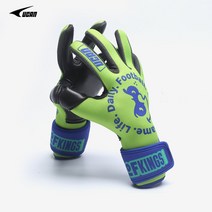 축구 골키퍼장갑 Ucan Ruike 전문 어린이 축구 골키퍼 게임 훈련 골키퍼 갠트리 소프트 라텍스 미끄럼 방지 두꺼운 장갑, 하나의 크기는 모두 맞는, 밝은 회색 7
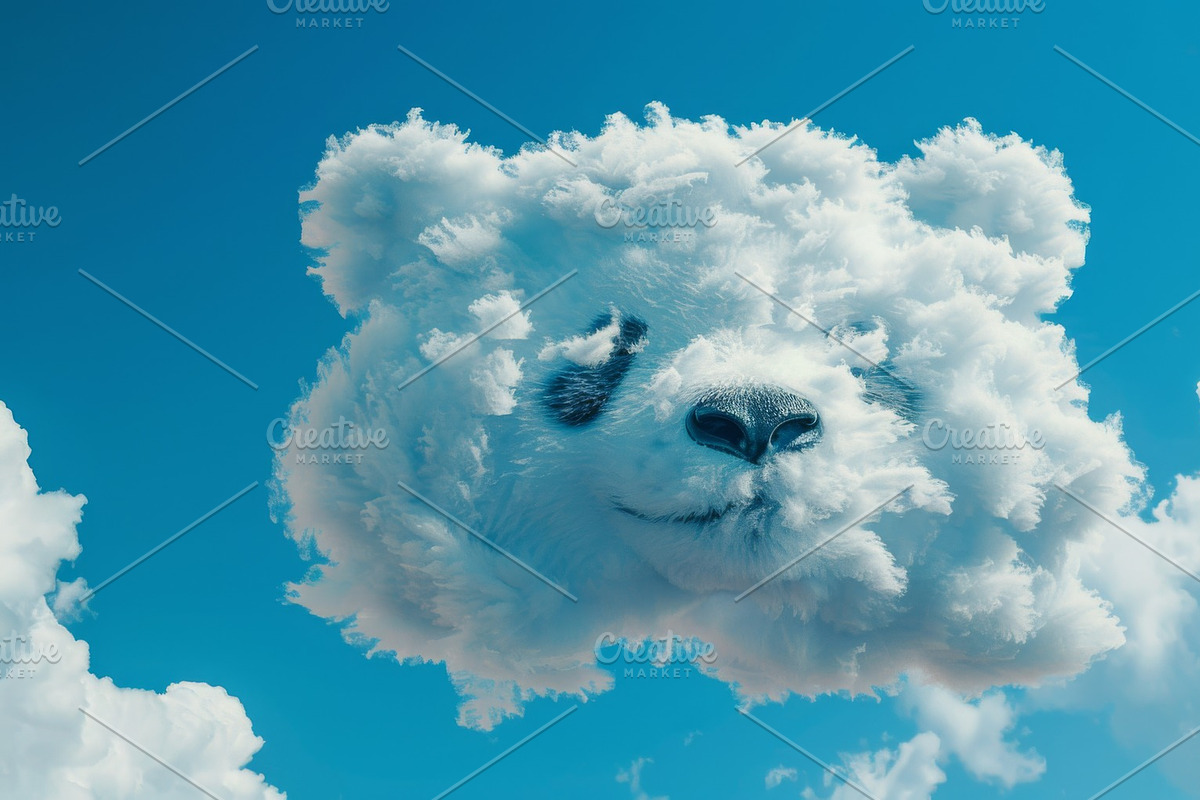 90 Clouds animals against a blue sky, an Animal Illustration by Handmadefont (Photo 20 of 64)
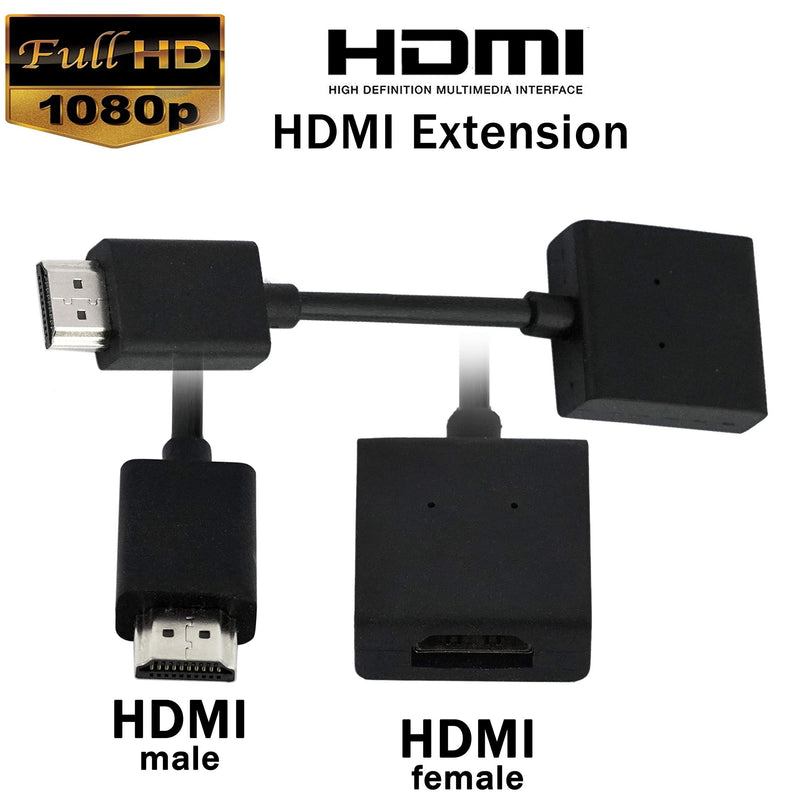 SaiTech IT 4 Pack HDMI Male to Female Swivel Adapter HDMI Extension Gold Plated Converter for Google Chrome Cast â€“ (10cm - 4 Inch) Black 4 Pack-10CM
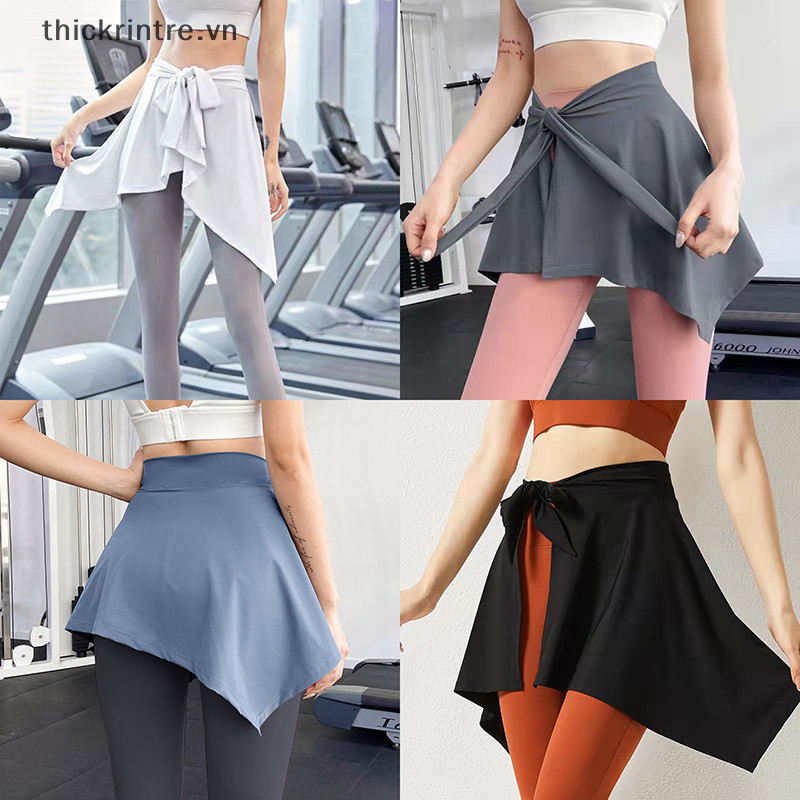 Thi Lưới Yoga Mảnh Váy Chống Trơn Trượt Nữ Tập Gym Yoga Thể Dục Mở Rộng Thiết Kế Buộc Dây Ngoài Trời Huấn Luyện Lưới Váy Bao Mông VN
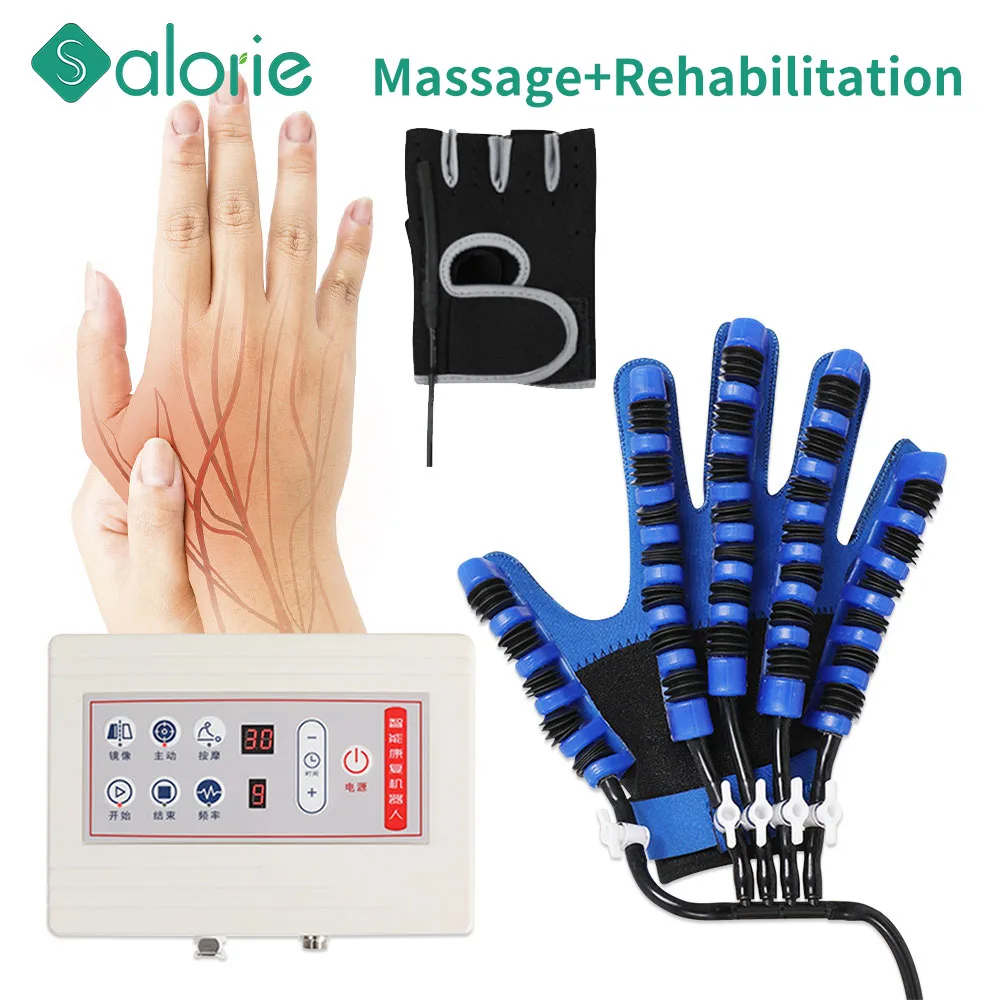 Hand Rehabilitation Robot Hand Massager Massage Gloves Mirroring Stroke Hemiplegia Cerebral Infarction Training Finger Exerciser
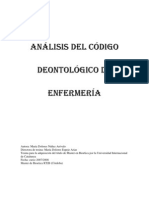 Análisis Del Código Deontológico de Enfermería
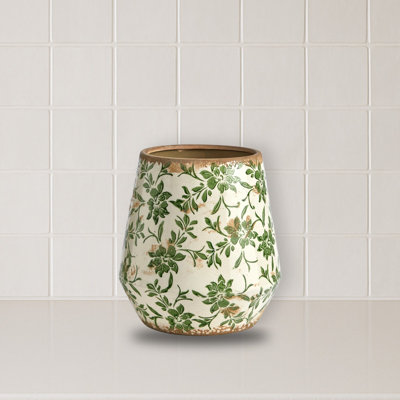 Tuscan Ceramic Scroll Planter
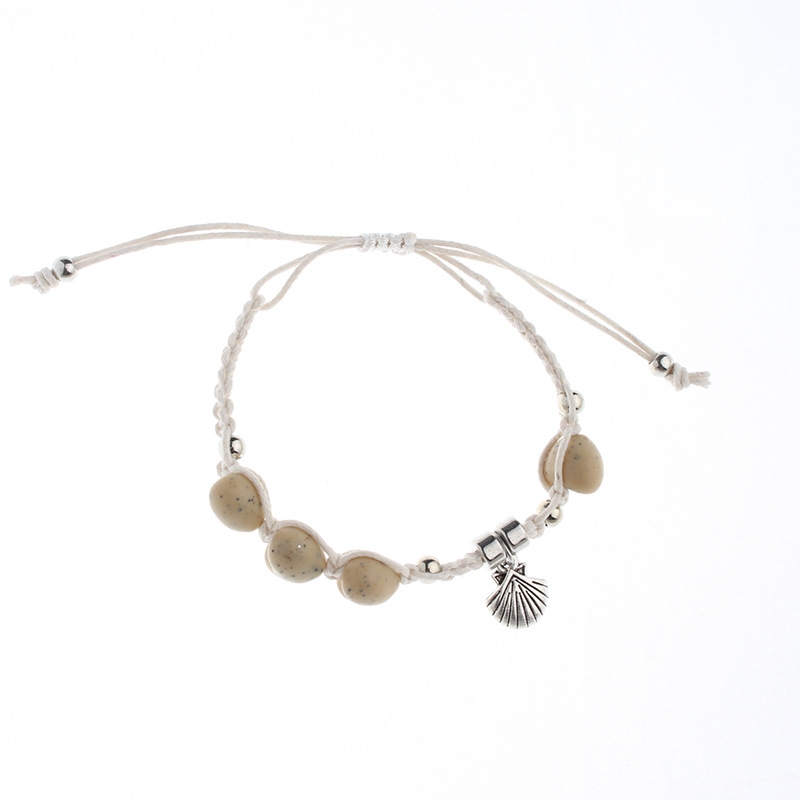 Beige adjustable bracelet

--------------------

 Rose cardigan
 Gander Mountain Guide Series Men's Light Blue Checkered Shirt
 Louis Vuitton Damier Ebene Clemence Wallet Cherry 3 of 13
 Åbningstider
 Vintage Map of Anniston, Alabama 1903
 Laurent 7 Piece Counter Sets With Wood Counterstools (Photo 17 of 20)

--------------------

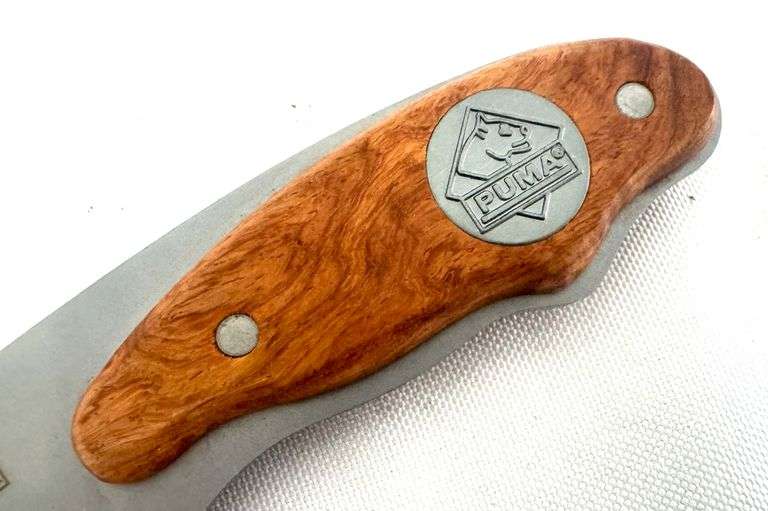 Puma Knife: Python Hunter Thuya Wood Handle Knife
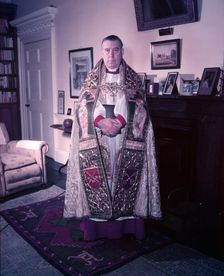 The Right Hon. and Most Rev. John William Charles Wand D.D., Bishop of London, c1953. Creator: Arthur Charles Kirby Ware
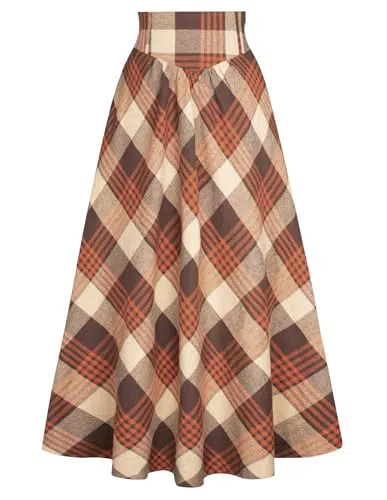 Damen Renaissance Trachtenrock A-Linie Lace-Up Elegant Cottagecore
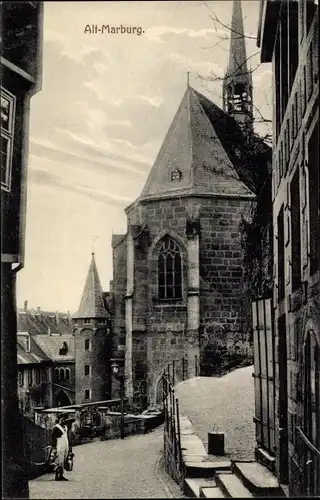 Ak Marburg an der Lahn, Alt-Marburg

--------------------

Transcribe the lines above exactly, beginning at the one with "Hand Rehabilitation Robot" and ending at the one with "Beige adjustable bracelet". Include both; exclude the pictures.

- **Task answer**:
 Hand Rehabilitation Robot Hand Massager Massage Gloves Mirroring Stroke Hemiplegia Cerebral Infarction Training Finger Exerciser
 Análisis Del Código Deontológico de Enfermería
 Tuscan Ceramic Scroll Planter
 Beige adjustable bracelet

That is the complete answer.